Поверенный в делах Дании в Гааге Иосиас Восберген нанес Рубенсу визит. Рубенс тотчас воспользовался этим, чтобы испросить у инфанты позволения вступить в переговоры с датчанином. Он жаждет вернуться на ристалище. Он сопровождает Восбергена в Брюссель, чтобы тот изложил инфанте свои намерения. Речь идет все о том же труднодостижимом мире, в переговорах о котором Рубенс жаждет участвовать. Поездка его дала самые скудные результаты. Изабелла посоветовала Рубенсу обратиться к Спиноле, который находится в Мадриде. Рубенс повиновался. Но поскольку Восберген не облечен никакими полномочиями, испанцы не придают значения его предложениям. Однако стоит Рубенсу обнаружить в письме Спинолы фразу: «Само собой разумеется, испанский король весьма расположен заключить мир со странами, которые с ним воюют»[205], как Рубенс усматривает в этом намек на перемену политики и тотчас уведомляет об этом Бекингема.
Со своей стороны, Жербье в переписке с Рубенсом вновь затрагивает прежнюю тему: хотя Испания никак не ответила на ее шаги, Англия по-прежнему готова заключить соглашение. Рубенс опять начинает осаждать Спинолу и побуждает его к действиям. Он даже поддерживает некоторые жалобы Жербье на испанцев. Однако он не говорит всего, что думает. С Пьером Дюпюи он более откровенен. Он находит, что Спинола «бессилен справиться с беспечностью и леностью — врожденными пороками испанцев, которые этот народ еще всячески старается усугубить»[206]. Он настаивает на том, чтобы переговоры, если уж они начнутся, велись полномочными представителями, которые не были бы обязаны «постоянно сообщать о них в Испанию, чтобы получать оттуда приказания и инструкции». Он хотел бы, чтобы инфанта могла «на равных правах вести переговоры с Великобританией»[207].
На этот раз Мадрид отнесся к делу всерьез: Филипп IV потребовал, чтобы инфанта предъявила ему переписку Рубенса, касающуюся этого вопроса. Художник торжествует: никто не поймет этих писем, частью зашифрованных, частью написанных по-фламандски. В них дела общественные переплетаются с частными. Надо найти человека, которому их можно доверить. Но не пожелает ли испанский король, чтобы их привез сам Рубенс? Филипп IV спрашивает мнение хунты. Хунта дает благожелательный ответ, король тоже не возражает. «Но, — делает он собственноручную приписку, — не надо оказывать давление на Рубенса.
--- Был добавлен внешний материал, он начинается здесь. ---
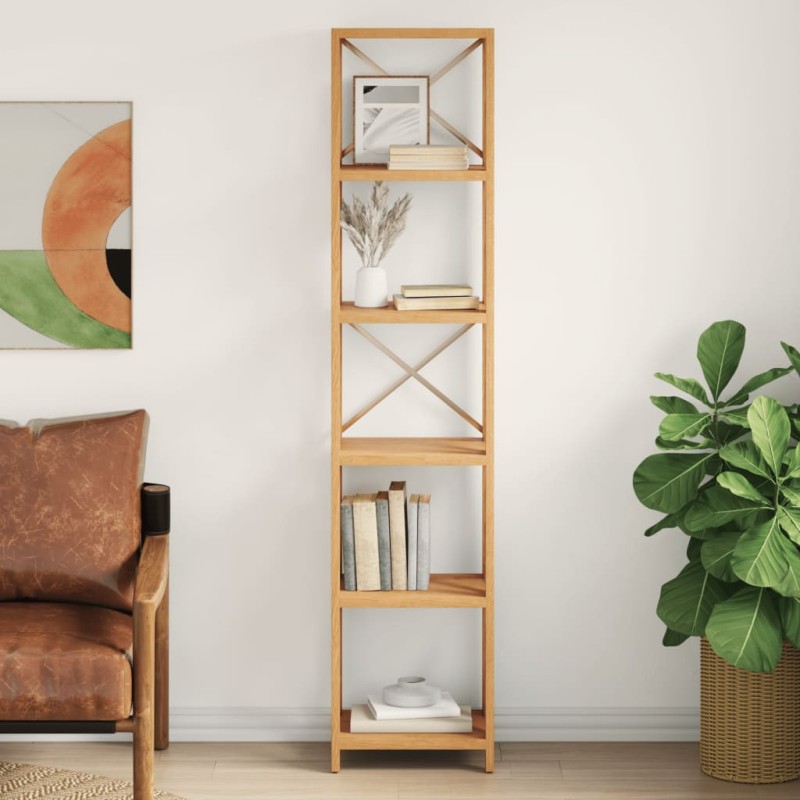 vidaXL Regal mit 6 Böden 40x30x181 cm Massivholz Eiche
Пусть решит сам, хочет ли он совершить это путешествие». Нельзя сказать, чтобы это было любезное приглашение. Не важно! Главное, Рубенс достиг своей цели. Быть может, он надеется оказать помощь Спиноле, которого всё еще задерживают в Мадриде. Деятельный Рубенс убежден, что маркиз «использует все свое дарование и добрую волю, чтобы вырвать испанского короля и его министров из глубокой спячки, в которую они погружены, дабы они, наконец, прозрели и положили конец страшным бедствиям Европы». Инфанта и Спинола — вот люди, достойные власти. Зато остальные… «Все европейские дела в настоящее время запутались, да и немудрено, поскольку они в руках людей неспособных или неопытных» [208].
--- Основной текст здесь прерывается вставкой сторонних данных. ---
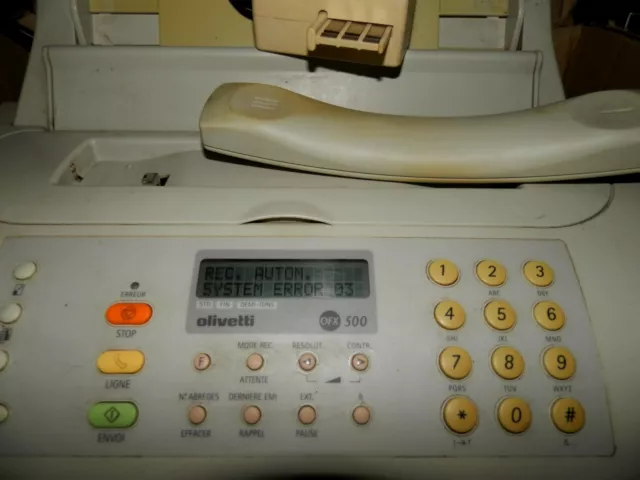 Téléphone Fax Olivetti OFX 500 pour pièces 3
Последнее письмо Пьеру Дюпюи: «Мы находимся на полпути между миром и войной и, испытывая все бедствия и внешние тяготы войны, не пользуемся никакими преимуществами мирного времени. Антверпен мало-помалу чахнет, он проживает свой капитал, от коммерции, которая могла бы его поддержать, не осталось и следа». Сообщив своему корреспонденту различные новости, Рубенс объявляет: «Боюсь, что наша переписка на несколько месяцев прервется, ибо мне предстоит совершить большое путешествие» [209].